This is a legitimate question, but it may mask other less audible but more premeditated ones: why should we pay education cess for such an expensive and ineffectual programme like SSA? Shouldn’t the government spend more on security and leave health and education to private players?

Corporate billionaires’ social responsibility is fine. Giving a laptop to every child without a classroom or blackboard is also an excellent idea. NGOs setting up informal schools for underprivileged children cannot be welcomed more. But here we are talking about 21 crore children, more than the total population of Australia. One-third of them lives below the poverty line, another third comes from ‘capability poor’ families, lacking the health and literacy required to make use of welfare schemes. No amount of private initiative or corporate goodwill can replace the State’s commitment to provide these sections with formal, quality education. The good news is that, thanks to the massive state-funded schemes launched around the beginning of this millennium, the enrolment figure at the elementary level has touched a new high. Even a state like Bihar has shown impressive improvement on this score. The bad news is that a large proportion of enrolled children are not getting quality education and are dropping out.
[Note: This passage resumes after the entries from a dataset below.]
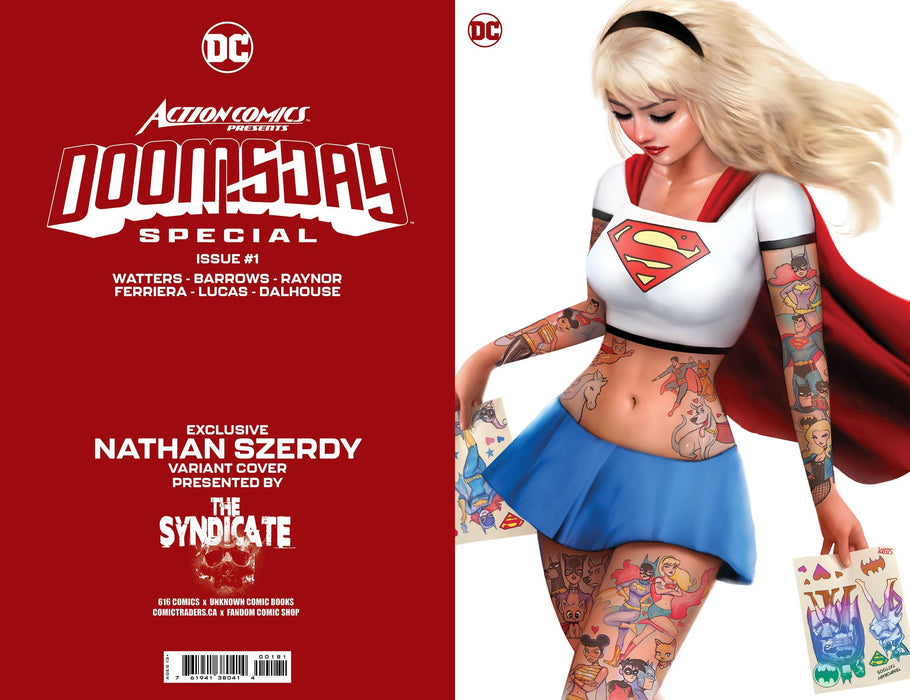[Signed by Nathan Szerdy] ACTION COMICS PRESENTS DOOMSDAY SPECIAL #1 (ONE SHOT) NATHAN SZERDY (616) EXCLUSIVE TATTOO VIRGIN VAR [IN STOCK] - for just $40! 
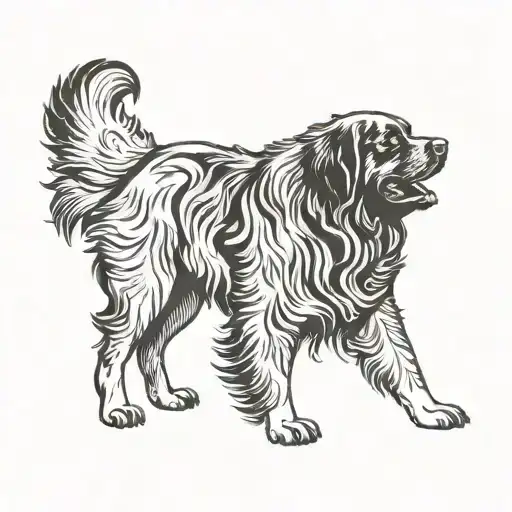 A Newfoundland Dog Howling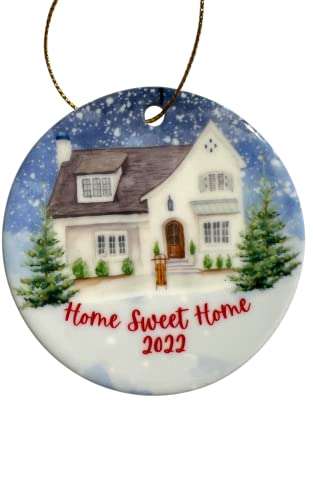 2022 Holiday Tree Ornament Decoration, Home Sweet Home Great Gift or Stocking Stuffer, New or First Home, Realtor or Lender Year end or Housewarming Gift | 3" in Diameter Round, Gift Box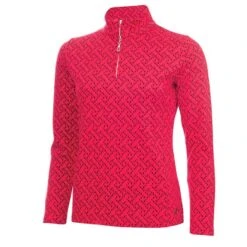 Ladies Kenza Zip Neck Jacquard Top Deep Pink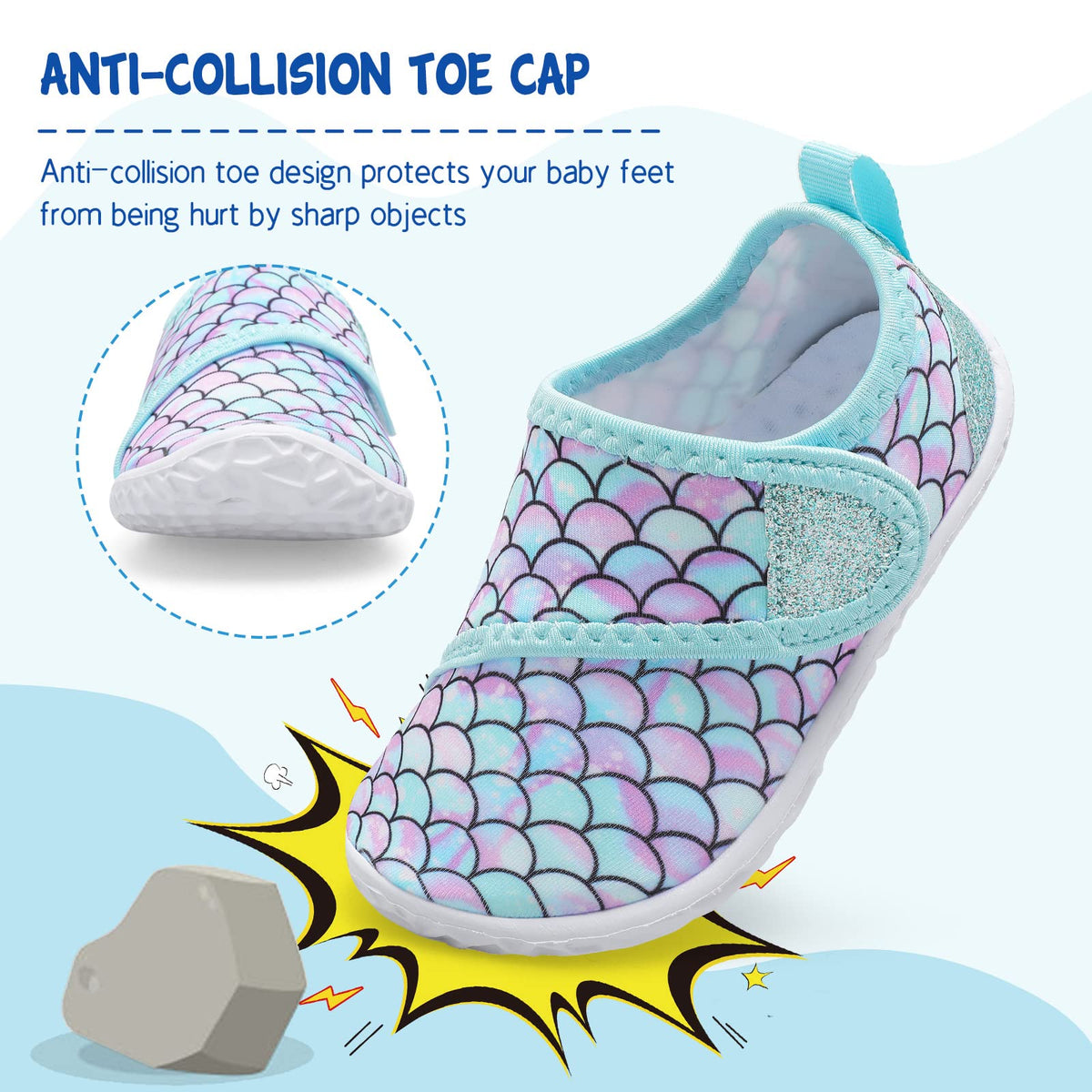 LeIsfIt Kids Water Shoes Toddler Girls Boys Swim Shoes Outdoor Quick-Dry Breathable Aqua Socks for Beach Pool Surf, Green Scale, 1 Big Kid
Bad news creates a tendency to see the problem in isolation, not as part of the larger story. When we fret over the percentage of students who cannot read an elementary-level text or do a simple sum, we often fail to see that many of them have illiterate parents, or have never been to an anganwadi pre-school. Many have not been covered by the immunization programme, and a bout of measles can make them unlearn everything or drop out. The same thing happens when their landless parents migrate for seasonal work, or when their kutcha houses are ruined by the annual floods. Success in universal primary education depends on effective implementation of the Integrated Child Development Scheme, the National Rural Health Mission, the National Rural Employment Guarantee Act, Indira Awas Yojana and a host of other schemes.

In Ray’s Aparajito, the school inspector took a sample test by asking a question to students sitting in the front row. Apu was only the second boy to whom the official turned. Although poor, Apu was the son of a Brahmin scholar. Had the inspector begun by asking students in the back rows, he may have elicited a different idea of the school’s standard. Things have not changed much since then. Inequities exist, within the classroom and outside, within the village, the block, the district and the state. Thus, the most backward students are to be found in schools in the most inaccessible parts of the block or district, without electricity or safe drinking water, where teachers are habitually absent and the disbursement of mid-day meal funds most irregular.

But who will speak on their behalf? Do we need a Lalgarh-like uprising to learn that a village school had been turned into a police camp? Perhaps contrary to popular middle-class perception, we need a little more politics here. During the last four years, only three per cent of all the words uttered in Parliament were related to child welfare. But since a child does not have a right to vote, three-fourth of anganwadi funds return unspent from our state while politicians remain busy with more important things like the nuclear deal or two-stroke autorickshaws.